Era un hombre muy codicioso, pero que siempre vivía angustia­do y sin deleitar la paz interior. Además de ser el dueño de muchas tierras, tenía un caballo, una cabra, una vaca y un cerdo. Siempre estaba obsesionado con sus posesiones, que no le daban ningún so­siego. Todas las noches le rogaba al Divino que salvase sus perte­nencias y que la fortuna nunca le diera la espalda. Eso era todo lo que pedía. y una noche soñó que el caballo iba a morirse. Nada más despertarse se dijo: «No vaya perder lo que vale el caballo; que se le muera a otro». Fue al mercado y lo vendió. La noche si­guiente, soñó que se le moría la cabra, razonó de la misma mane­ra y la vendió, diciéndose: «Que se le muera al comprador, a mí me da igual, porque tengo mi dinero». La siguiente noche, soñó que se moría la vaca y nada más amanecer ya la había puesto en venta y poco después se deshacía de ella.
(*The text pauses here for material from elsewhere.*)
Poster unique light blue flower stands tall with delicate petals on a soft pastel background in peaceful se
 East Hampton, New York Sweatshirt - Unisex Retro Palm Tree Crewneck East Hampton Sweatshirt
A la cuarta noche, soñó que se moría el cerdo y tampoco dudó en venderlo al día siguiente. «¡Me­nos mal que pude librarme de ellos antes de que murieran y así no he perdido el dinero», se dijo suspirando aliviado y contento. Pero esa noche soñó que era él quien se moría. Aterrado, al alba, fue al santuario a rezar al todopoderoso señor Shiva y a pedirle una so­lución. Escuchó la voz de Shiva en el centro de su cerebro, dicién­dole: «Véndete a ti mismo, a ver si logras salvarte».
Comentario
La muerte está siempre al acecho. A mayor apego, mayor mie­do a morir. Lo que tememos no es tanto lo que pueda o no venir como lo que dejamos atrás y nos causa placer, insuflando nuestro ego, cuya disolución constituye la mayor angustia. Para el que ha muerto en vida (matando su ego), ¿quién hay para morir? Muy po­cas personas fallecen en paz. También ha habido raros individuos, con gran autocontrol psicosomático, que han muerto consciente­mente, y otros que se han retirado de manera voluntaria de su cuerpo, como hicieran antaño algunos yoguis. Liberando su men­te de oscurecimientos, han matado la muerte y penetrado en ese estado de supraconciencia, irreductible a ningún concepto, y del que Buda lo máximo que podía explicar era: «Hay algo no nacido, no originado, no creado, no constituido. Si no hubiese algo no na­cido, no originado, no creado, no constituido, no cabría liberarse de todo lo nacido, originado, creado y constituido. Pero puesto que hay algo no nacido, no originado, no creado, no constituido, cabe liberarse de todo lo nacido, originado, creado y constituido».

No obstante, lo más sorprendente es que nos estamos murien­do y no nos convencemos de ello. Seguimos enredados en todo tipo de afanes, ocupaciones y preocupaciones, como si quedara mucho tiempo. Pero llegará el día (nunca lejano si uno no ha con­quistado el verdadero sosiego interior) en el que nos veremos en la situación irreversible de «Véndete a ti mismo, a ver si logras salvarte». En esta finitud entre dos infinitudes que es la existencia humana, en esta breve representación entre dos eternidades, sería importante aprender el arte del desligamiento, aunque fuera par­cialmente. No dejes que las actividades y los afanes te liguen de tal modo que te olvides del que se activa y se afana. Si no sabemos gra­vitar en nuestro ser interior y nos volvemos frenéticamente centrí­fugos, la vida se consume sin haber hecho nada de valor ni dentro ni fuera de nosotros mismos. Todo lo que hagamos debe estar dic­tado, para que sea en realidad fructífero (al menos en el ámbito de la evolución de la conciencia), por una intención recta y pura.